According to a recent survey, half of the population is
now skeptical that Mrs. Merkel will cope with the huge influx. This is despite her recent TV address to the nation —
complete with Arabic sub-titles aimed at the 1.1 million migrants who arrived
in 2015 and now live at the Government’s expense in 2000 camps, hotels and
rented accommodation across the country — when she repeated her insistence that
‘we can do this’. The tide is inexorably turning against her, and polls show
her popularity is declining.
In contrast, the AfD, with an increasingly middle-class
following of intellectuals and business people, hit an all-time high in an
opinion poll released by best-selling newspaper Bild this week. From a
standing start when it was founded in 2013, it is now supported by 11.5 per
cent of voters, making it the third largest political party in the country.
Nowhere in Germany do AfD’s demands for border controls
and fewer migrants chime more easily with the mood than in the former Communist
bloc in the east of the country.
Here in Leipzig, on Monday night, a local grassroots
organization called Pegida — Patriotic Europeans Against the Islamisation of
the West — held an anti-migrant march and protest. It was followed by a
terrifying rampage through the city center by a breakaway group of 500 thugs
who set cars ablaze and attacked shops and fast food restaurants, some of them
belonging to migrants. Whether the vandals were attached to Pegida or simply
anarchists intent on destruction is not clear. But some likened the damage to
migrant-owned shops to the Kristallnacht attacks against Jews across Nazi
Germany in November 1938 — one of the most emotive subjects in this country’s
calender.
The mayor of Leipzig, Burkhard Jung spoke of ‘terror on
the streets’ as he condemned the ‘naked violence’. But given the febrile mood
over migrants that now pervades all of Germany, there will almost certainly be
more reprisals from the Far Right in the future.

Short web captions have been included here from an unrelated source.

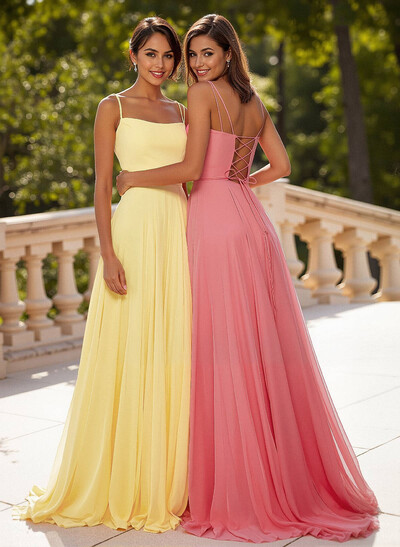 Simple Square Neckline Spaghetti Straps A-Line Sweep Train Chiffon Prom Dresses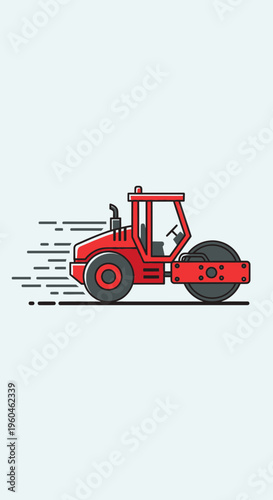 Vibrant Red Steamroller Compacts Surface With Dynamic Motion Lines
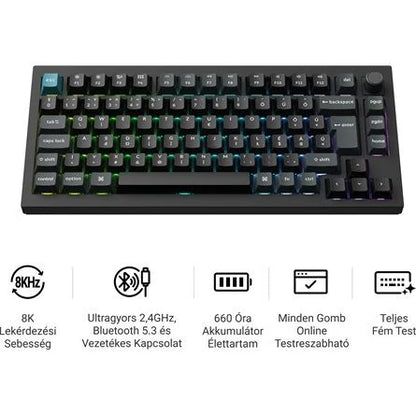 Keychron Q1 Ultra 8K Bluetooth / vezeték nélküli magyar Silk POM Red mechanikus billentyűzet fekete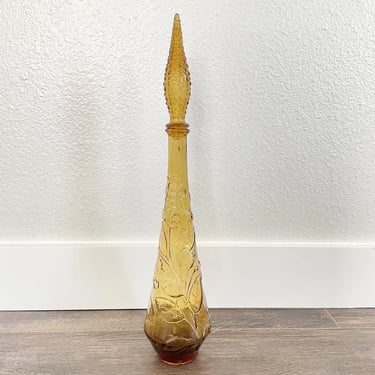 Mid Century Modern Amber Empoli 22” Glass Genie Bottle Decanter & Stopper 1960's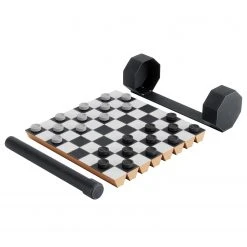 Umbra Schach-Set Rolz - Polyethylen / Buche - Schwarz - 30,48cm x 2,54cm x 30,48cm -Günstiges Deko Geschäft 1000317006 220112 13111300329 DETAILS P000000001000317006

The scenes in Leipzig — which has taken in 10,000 Merkel
migrants — came after the mass sex attacks in Cologne, western Germany, on New
Year’s Eve. During a barbaric night in that city’s main square, a substantial
group of Arabic-speaking men among 1,000 male migrants there deliberately
targeted and assaulted hundreds of women. A staggering 652 complaints were
received by the police.
Across Germany, including in Stuttgart, Dusseldorf and
Berlin — not to mention towns and cities in Sweden, Finland and Denmark — it
was the same New Year story. Nearly 50 women in Hamburg complained to police of
sexual harassment by ‘North African men’, who called them ‘bitches’ and shouted
‘Fiki’ to indicate they wanted to rape them.
Amid acrimony over a deliberate police and media cover-up
to stop anti-migrant sentiment, Mrs Merkel started deporting some of the most
blatantly illegal migrants. But the number arriving still tops 3,000 a day, and
local authorities can’t cope.
On Thursday this week, Peter Dreier, the governor of the
Bavarian town of Landshut, sent a bus full of 31 migrants to Angela Merkel’s
office in Berlin with the message: ‘We can’t manage’. They were allowed to
stay in Berlin one night before being dispatched straight back to Bavaria.
This bizarre and cruel game of political ping-pong shows
that Germany is collapsing under the pressure of mass migration. Gerhard Schroeder, Merkel’s predecessor as Chancellor,
said this week that Merkel had ‘a lot of heart but no plan’ when she opened the
borders to migrants in August, saying all Syrians were welcome. Her mistake, he
added, ‘was to allow an exception to turn into a new normality — an unlimited
influx’. The resultant criminality and chaos has caused Germans to become
increasingly angry.
It is not just the thugs with shaved heads, bomber
jackets and heavy boots who were seen in Leipzig this week. There is fast
emerging a new group of Right-wing activists — ordinary people with
conservative values; devout Christians; those angered by the arrogance of
Merkel’s out-of-touch political elite; and, now, an increasing number of women
who are frightened to go out at night. This powerful coalition is
vociferously challenging Merkel’s open-door policy for those fleeing war in the
Middle East and poverty in Africa.
Even a cursory glance at the latest police reports — now
being released more freely — shows the shocking sex attacks are not going away.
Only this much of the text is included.